Mark Gertler, a professor of economics at New York University, said there has been a tradition since the 1970s that Fed chairman have been reappointed, if they have shown a good record, even by presidents of opposite political parties.
“It is not obvious why Yellen is not reappointed given her performance,” said Gertler, who often collaborated with former Fed Chairman Ben Bernanke. He said the Fed community, writ large, is hoping that Yellen gets a second four-year term.
In contrast, Cohn is “a blank slate when it comes to monetary policy,” Gertler said.
Although the Wall Street executive comes with a Goldman Sachs pedigree, which has been a pseudo-calling card for financial officials in Washington over the past several decades, Cohn isn’t a card-carrying, Ivory tower economist.

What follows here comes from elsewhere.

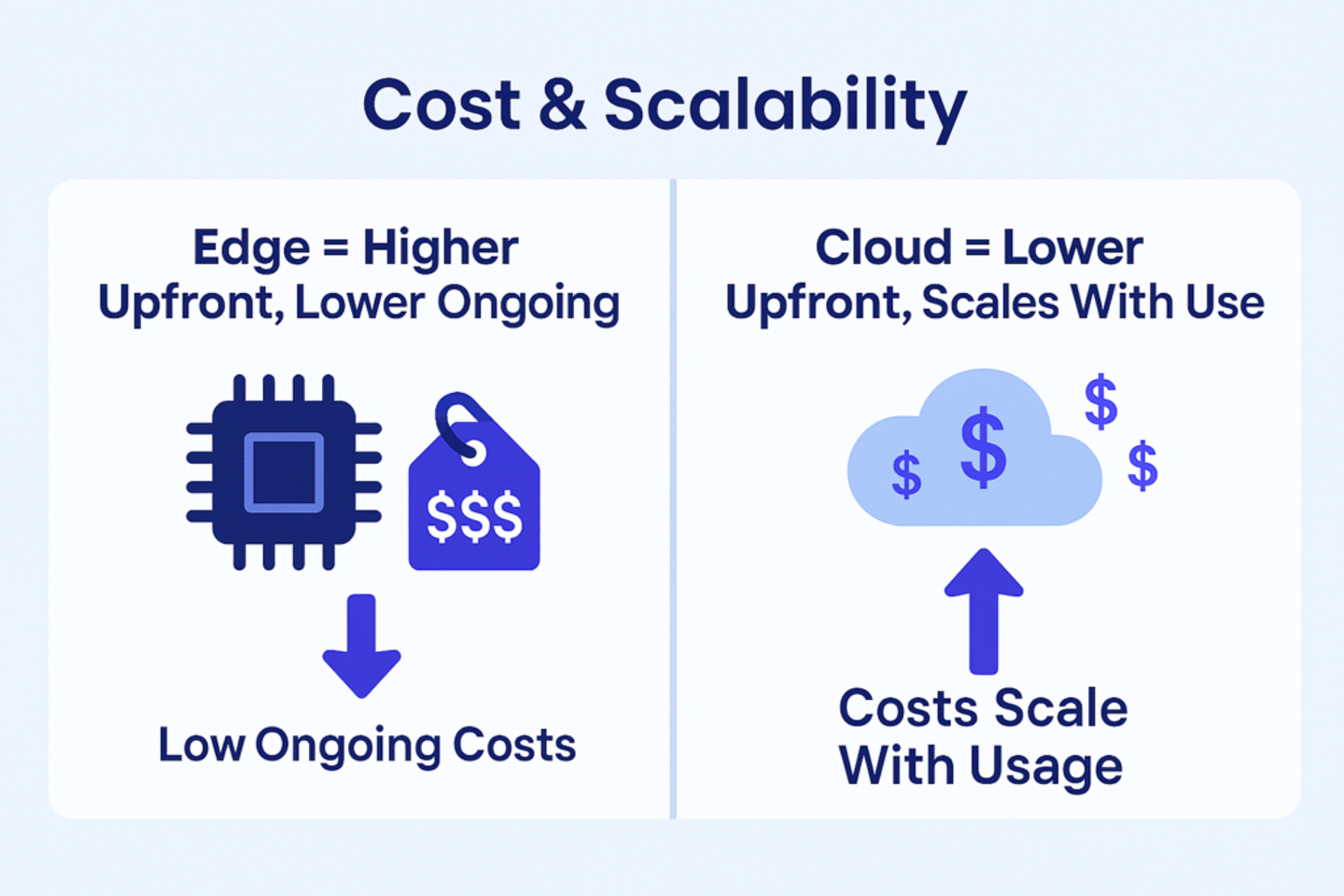 Comparison of upfront and ongoing costs for edge AI and cloud AI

Specifically, he doesn’t boast a Ph.D. in economics, in contrast to the past three Fed chairman.
In the interview, Dudley played down an academic background as a requirement to being the top Fed boss.
“He [Cohn] knows a lot about financial markets. He knows a lot about the financial system. I don’t think you have to have a Ph.D. in Economics, which I have, to be Chair of the Fed or governor or a president of one of the Federal Reserve Banks,” Dudley said.
It is worth noting, however, that outside of the realm of academia, Dudley and Cohn do have one alma mater in common: Goldman Sachs. Dudley was the chief economist at the world’s most prominent investment bank from 1986 to 2007.
Julia Coronado, founder and president of economic research firm MacroPolicy Perspectives, said it is a reasonable thing to have people other than economists for the Fed but that the Goldman
connection might make Cohn an unpopular choice.
“To have the head of the New York Fed and the Fed Chair both be Goldman alumni probably won’t be reassuring to a lot of Americans,” she said.